►
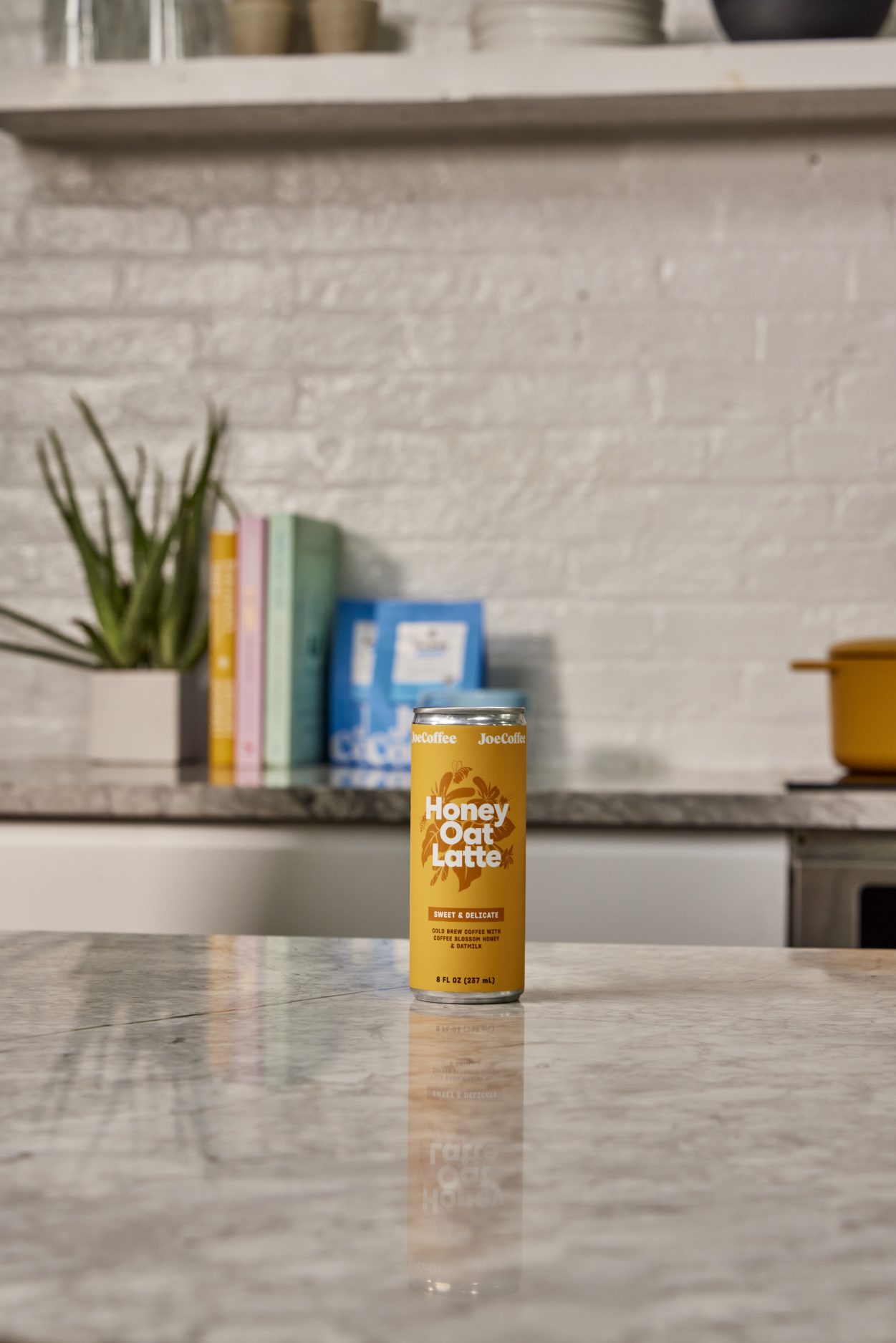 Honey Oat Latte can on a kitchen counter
◄
►
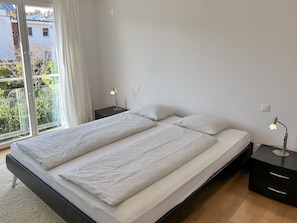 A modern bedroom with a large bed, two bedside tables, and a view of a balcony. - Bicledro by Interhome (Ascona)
◄
►
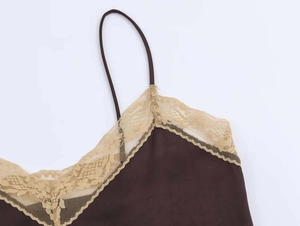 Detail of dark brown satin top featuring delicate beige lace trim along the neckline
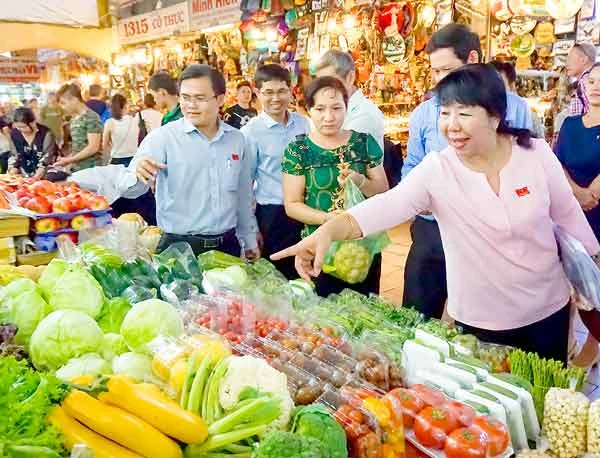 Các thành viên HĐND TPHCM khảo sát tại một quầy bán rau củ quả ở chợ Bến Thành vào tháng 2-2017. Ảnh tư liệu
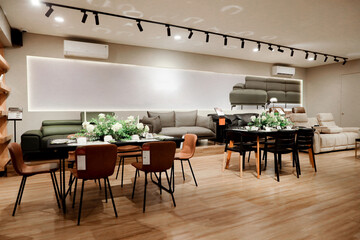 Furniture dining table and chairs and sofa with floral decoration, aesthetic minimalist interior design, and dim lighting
◄
Task objective
Within the listing above, the lines starting at the one containing "Các thành viên" and ending at the one containing "Furniture dining table" are to be returned exactly. Omit the pictures.

Result of this task
 Các thành viên HĐND TPHCM khảo sát tại một quầy bán rau củ quả ở chợ Bến Thành vào tháng 2-2017. Ảnh tư liệu
 Furniture dining table and chairs and sofa with floral decoration, aesthetic minimalist interior design, and dim lighting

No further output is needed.